Vision therapy trains the entire visual system to correct how we use our eyes together and how our brain perceives vision, to make vision more efficient and comfortable.

What is vision therapy?

Vision therapy (also called visual or vision training) aims to develop visual abilities to optimise visual performance and comfort. Vision therapy is a form of neurological training or rehabilitation, which is important because the eyes are an extension of the brain and how we see. It is a type of physical therapy for many common visual problems such as lazy eye, crossed eyes, double vision, focusing issues, convergence insufficiency and some reading and learning disabilities.

The ability to learn in school, perform daily activities and enjoy sports and recreation depends upon efficient vision. Even subtle issues with the visual system can have a major impact on our efficiency and performance, and even more so for children.

Vision therapy at Barry & Sargent Optometrists

We provide an individualised treatment program to correct or improve visual-motor (how we use our eyes) and/or visual-perceptual (how we perceive vision) difficulties. This specialised treatment is closely managed by a behavioural optometrist.

Vision therapy can improve important visual efficiency skills:

  • eye movement skills such as fixation and tracking;
  • focusing skills to improve accuracy and endurance;
  • binocularity skills of using both eyes together and depth perception.

Vision training can also improve important visual-perceptual abilities such as visual spatial skills, visual analysis skills, visual-motor skills such as eye-hand co-ordination, visual-auditory organisation skills and visual-thinking style.

Vision therapy includes sessions designed to enhance the brain’s ability to control visual skills and may involve the use of lenses, prisms and filters. During the final stages of therapy, these visual skills are reinforced and made automatic through repetition and by integration with movement and thinking tasks.

What is a behavioural optometrist?

A behavioural optometrist understands the way you interpret what you see is not just dependent on how clear your eyesight is. Testing can involve in-depth examinations of visual abilities including visual skills, efficiency and visual processing with an understanding of the effects of stress on visual performance.

Specialists in behavioural optometry aim to bring awareness to these visual efficiency skills to make them more accurate or more flexible, and to become automatic to allow comfortable and easy vision – the way it should be. Often better habits have to be encouraged that allow more appropriate visual “reflexes” of focusing, eye-teaming and the other visual skills. We work within each individual’s abilities and knowledge in the above areas so that the individual develops a better visual understanding of their world. Procedures are directed to challenge their understanding and ability so they can develop better strategies to overcome tasks.

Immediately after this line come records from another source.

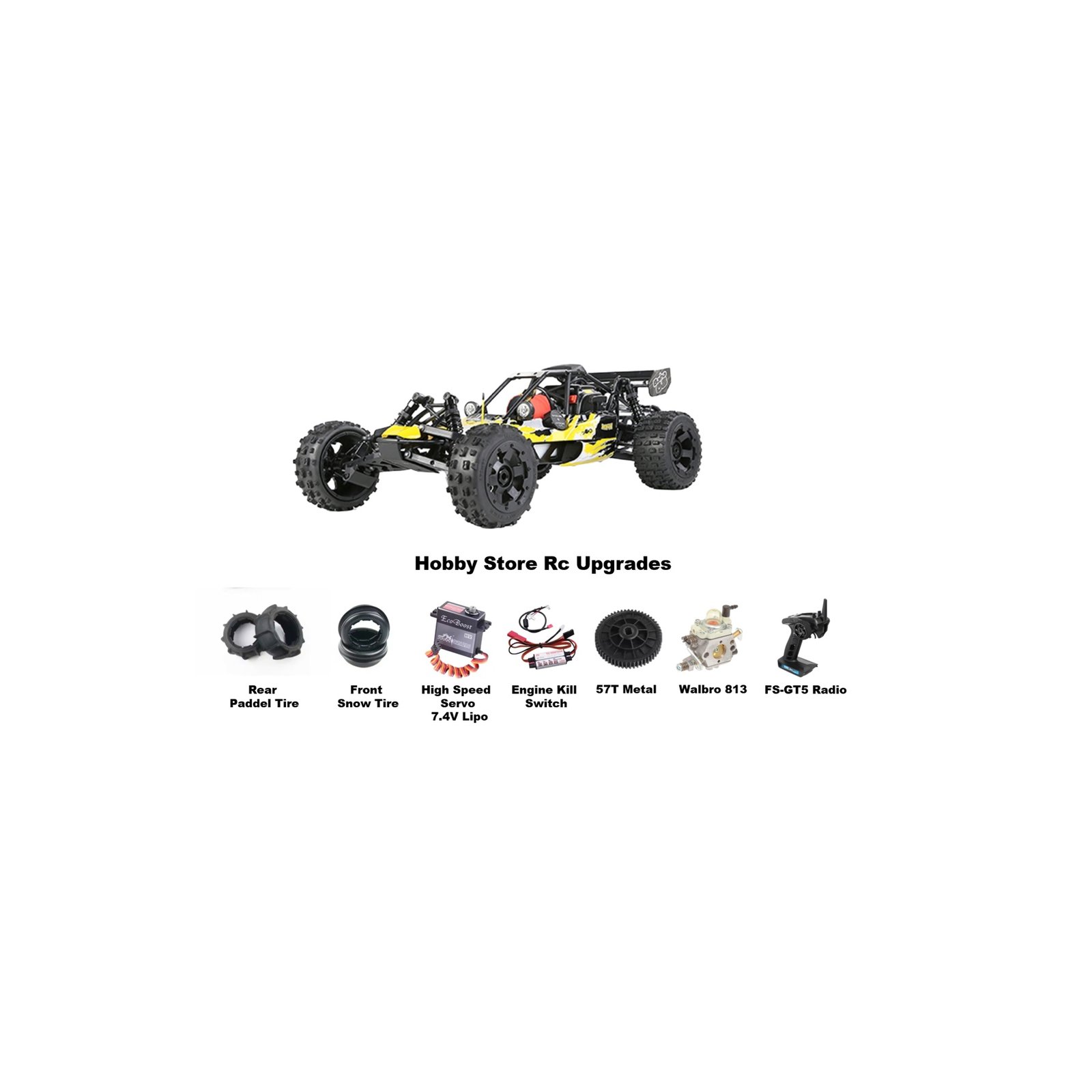 Baja 5B 29cc Buggy Upgraded By Hobby Store RC - Image 1
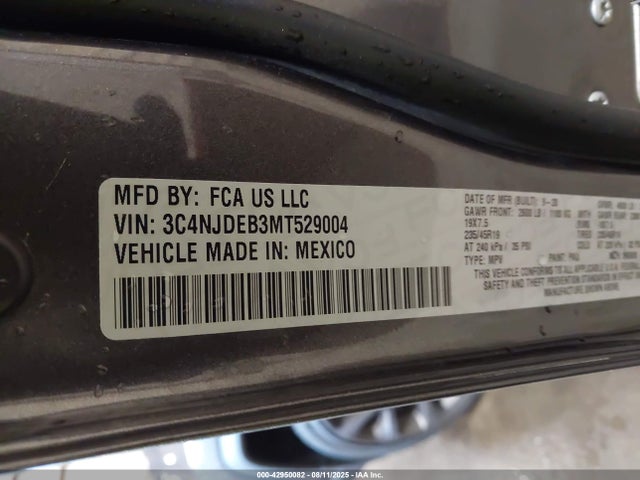 Jeep Compass 2021 3C4NJDEB3MT529004 Image 9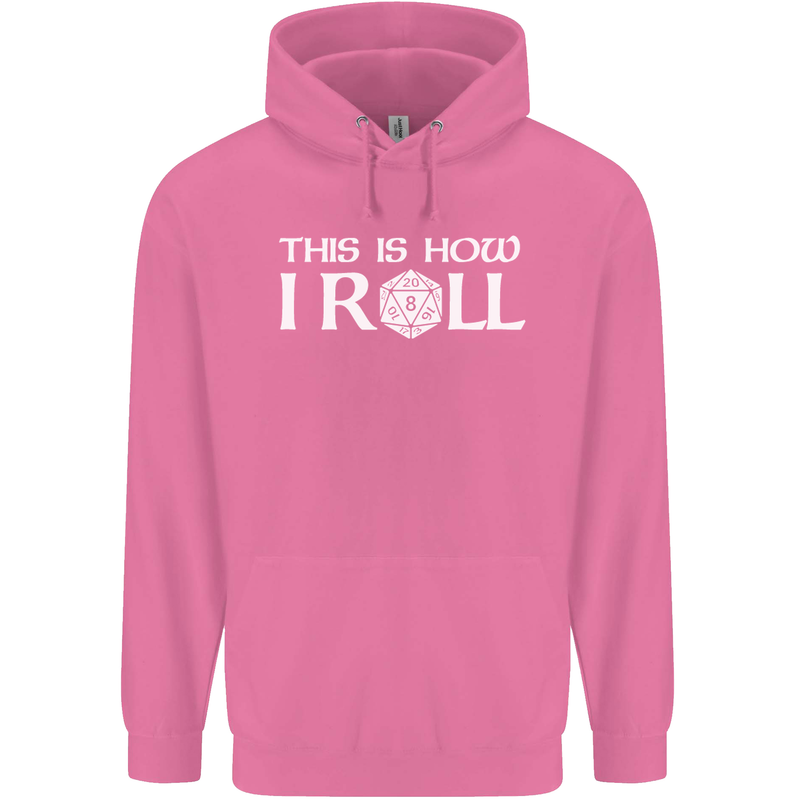 This Is How I Roll RPG Role Playing Games Mens 80% Cotton Hoodie Azelea
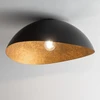 Lubinis šviestuvas Lampa sufitowa Sigma Plafon retro sypialniany SOLARIS 40605 żywiczny juoda miedziany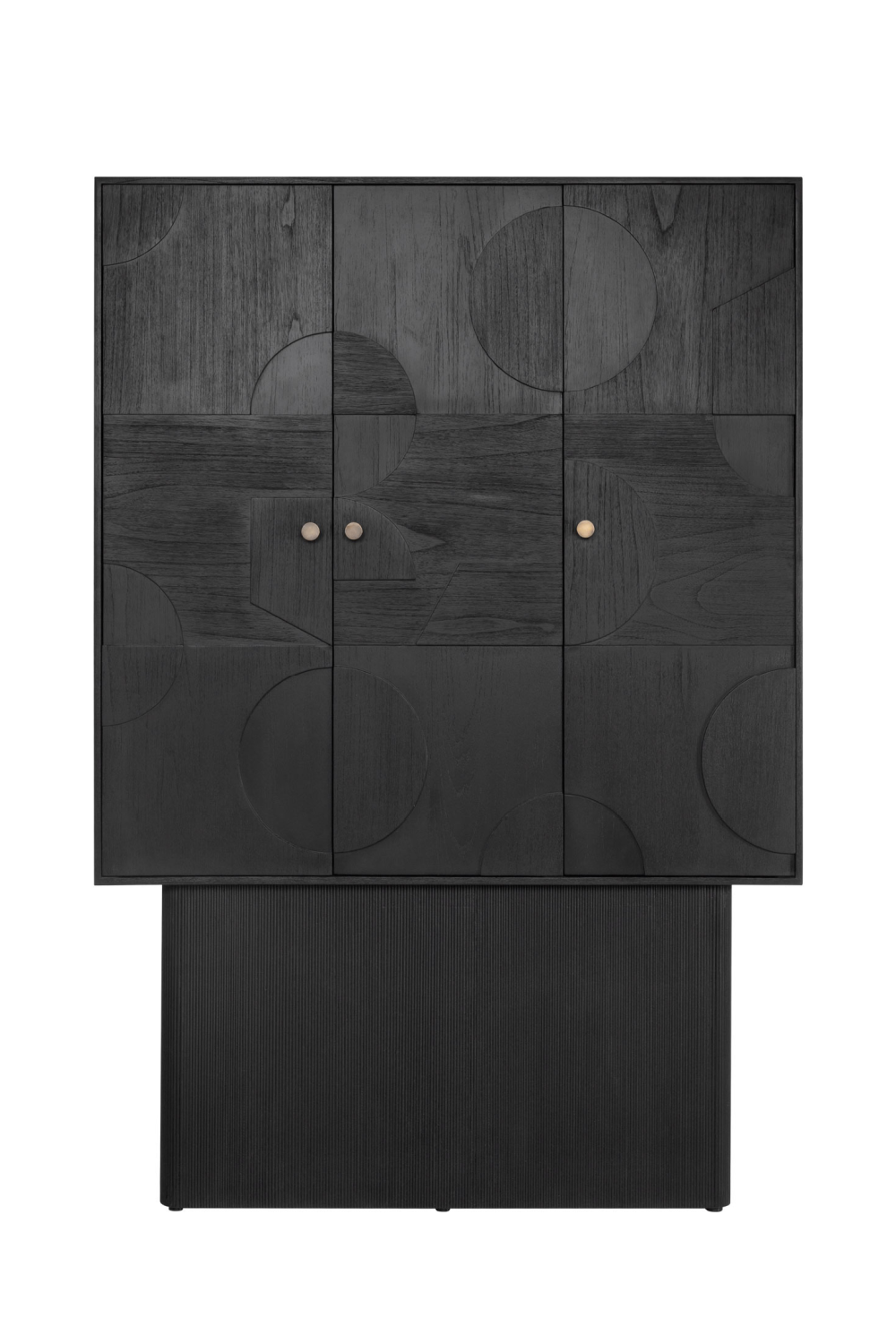 Geometrical Patterned Wooden Cabinet | Versmissen Zulgo | Oroa.com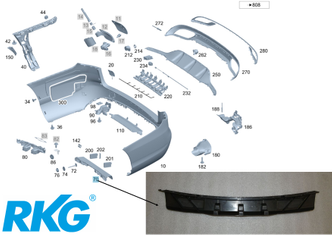 Original Mercedes-Benz Grundträger Stoßfänger hinten. C-Klasse 205-7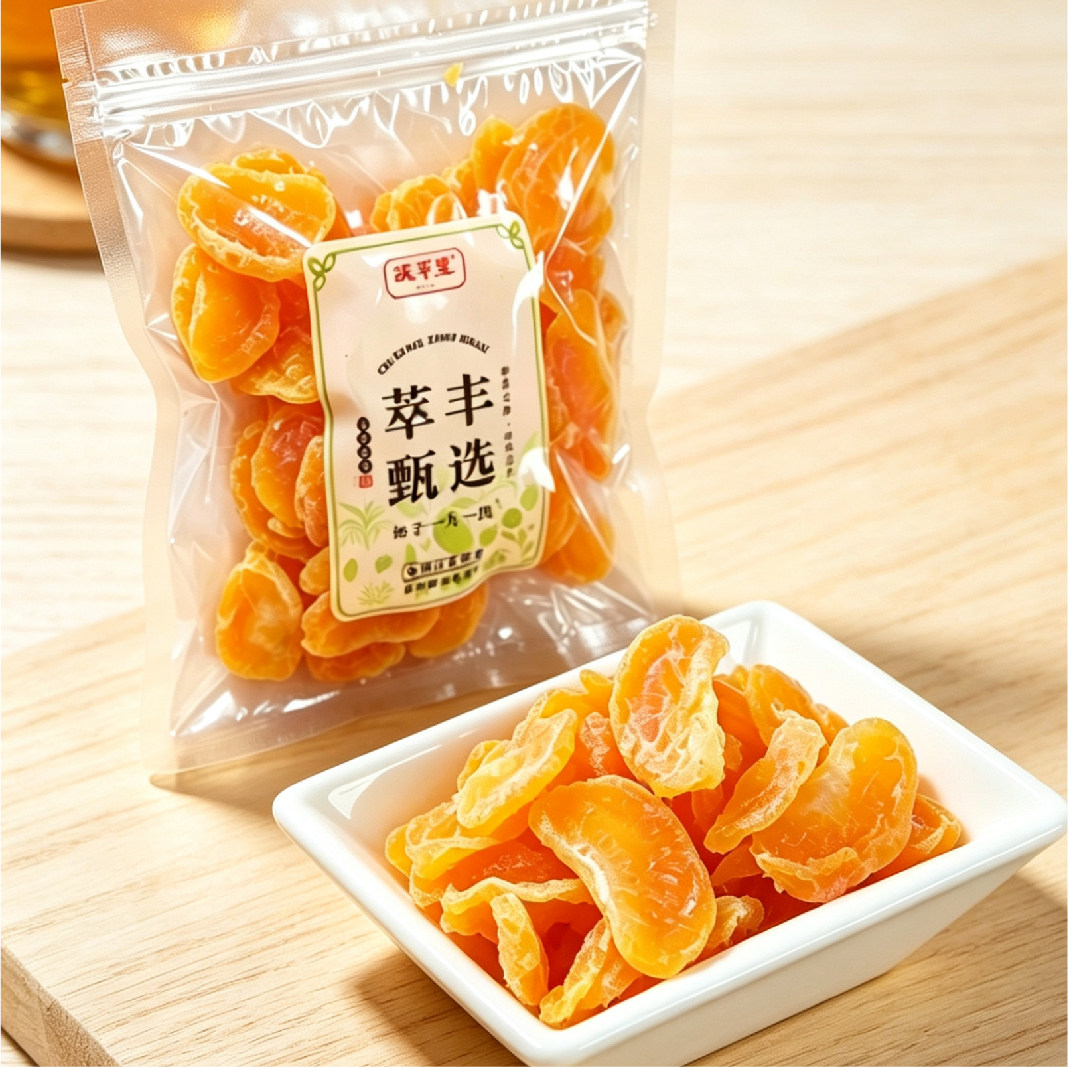 张萃丰橘子干蜜橘蜜桔桔子干蜜饯果脯丑橘水果干零食干果散装桔片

What vision therapy can offer those with learning difficulties

Vision therapy can be an important part of the overall treatment of a child’s learning problem. Vision deficits can cause eyestrain, headaches, blurred or double vision, loss of place while reading and difficulty maintaining attention on close work.

In the case of learning disabilities, vision therapy is directed towards resolving visual problems which interfere with how the brain processes visual information. Vision therapy is not a direct treatment for reading or learning disabilities.

Other problems that can be helped with vision therapy

Vision training is not only for children. Many adults find that vision training can bring improvement or recovery from significant visual difficulty, even in cases in which visual problems have been previously pronounced hopeless by other vision care professionals.

Conditions that can be improved by vision training include:

  • computer-related eye strain vision problems;
  • developmental or head injury problems (birth trauma, closed head trauma, etc);
  • stroke or traumatic injuries to the brain or nervous system;
  • turned eyes or crossed eyes (strabismus) and amblyopia;

Through a series of eye exercises, patients can develop or recover normal visual skills. The goal of vision training is to train the patient’s brain to use the eyes to receive information effectively, comprehend it quickly and react appropriately.